WHAT THE TASK ASKS:
The lines to transcribe begin with the one containing "Rullo e barattolo" and end with the last line below; reproduce them exactly, without the pictures.

RAW DATA:
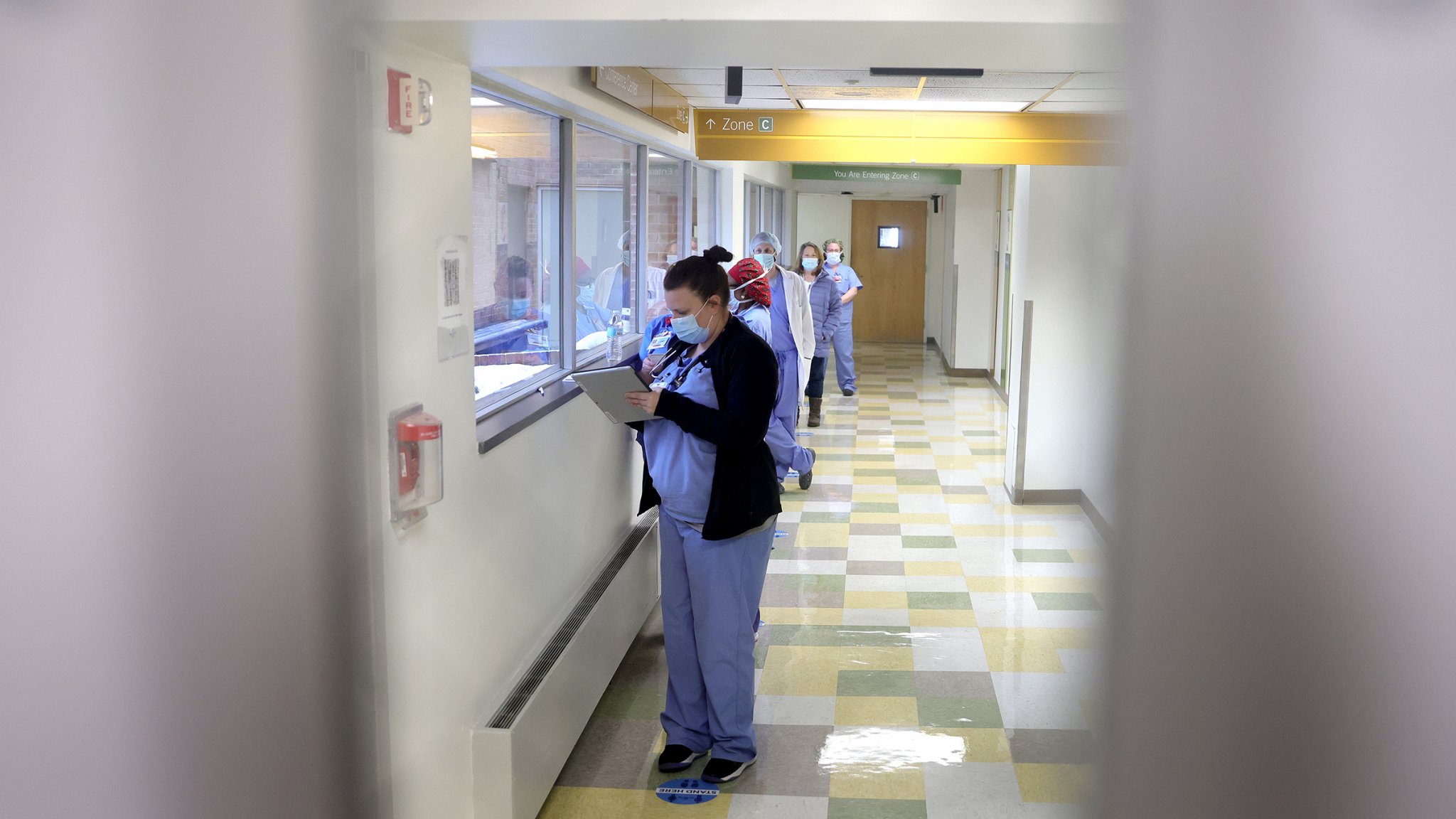 Frontline medical workers wait in line to receive the Pfizer vaccine for COVID-19 at the Virginia Hospital Center on December 16, 2020 in Arlington, Virginia. More than 1,950 of the hospital’s employees will be vaccinated over the next 4 days as the COVID-19 vaccine begins widespread distribution in the United States this week. (Photo by Win McNamee/Getty Images)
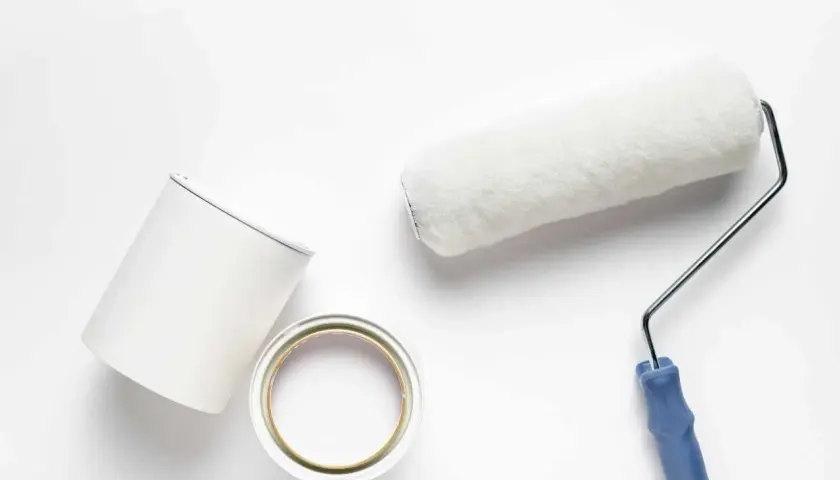 Rullo e barattolo di pittura bianca pronti per dipingere su pittura al quarzo.
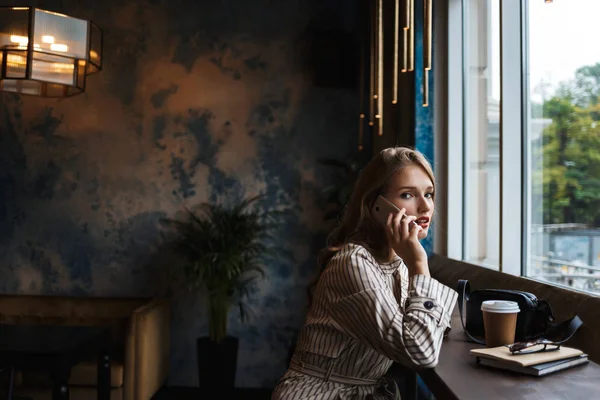 Çizgili trençkot düşünceli seyir fotoğraf makinesindeki harcama zaman modern kafede büyük pencere ile cep telefonu konuşurken genç güzel kadın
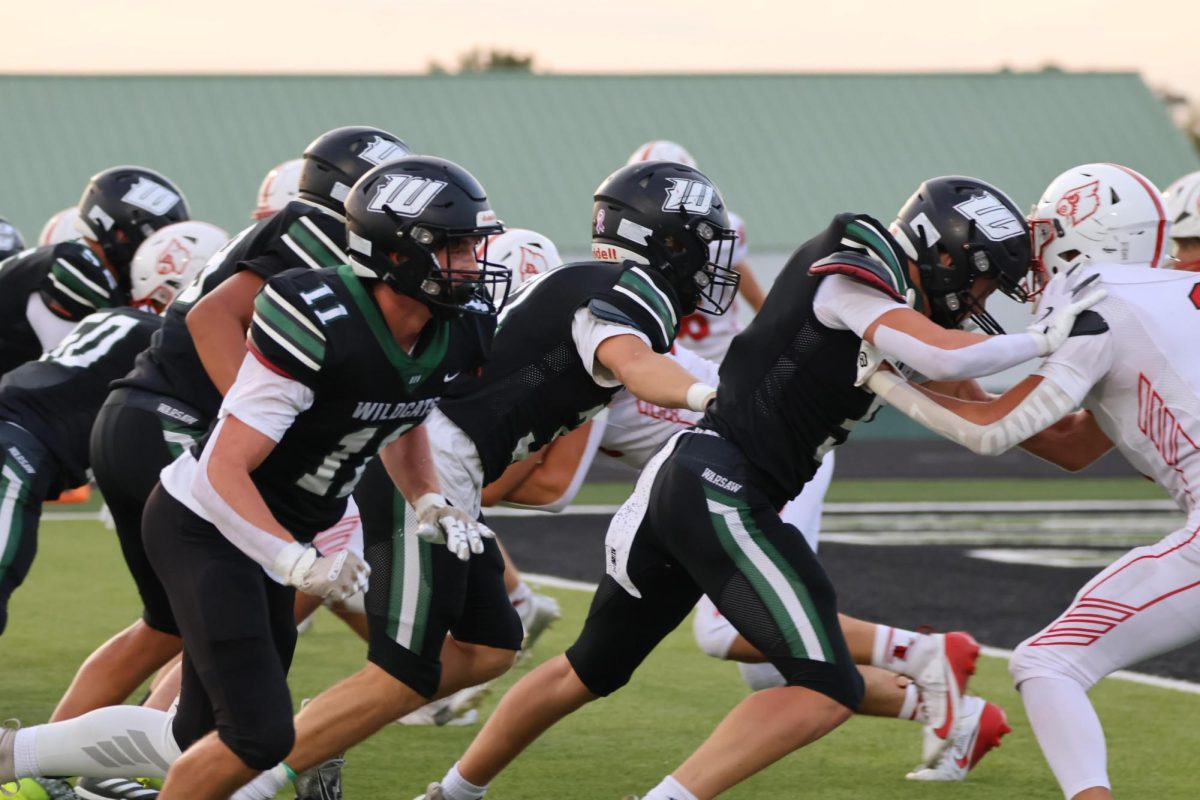 Senior Brennen Slavens blocks a Cardinal on August 29. “The game against Lawson was a great start and we all really came together to start the season off strong,” Slavens said.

WRITTEN REPLY:
 Rullo e barattolo di pittura bianca pronti per dipingere su pittura al quarzo.
 Çizgili trençkot düşünceli seyir fotoğraf makinesindeki harcama zaman modern kafede büyük pencere ile cep telefonu konuşurken genç güzel kadın
 Senior Brennen Slavens blocks a Cardinal on August 29. “The game against Lawson was a great start and we all really came together to start the season off strong,” Slavens said.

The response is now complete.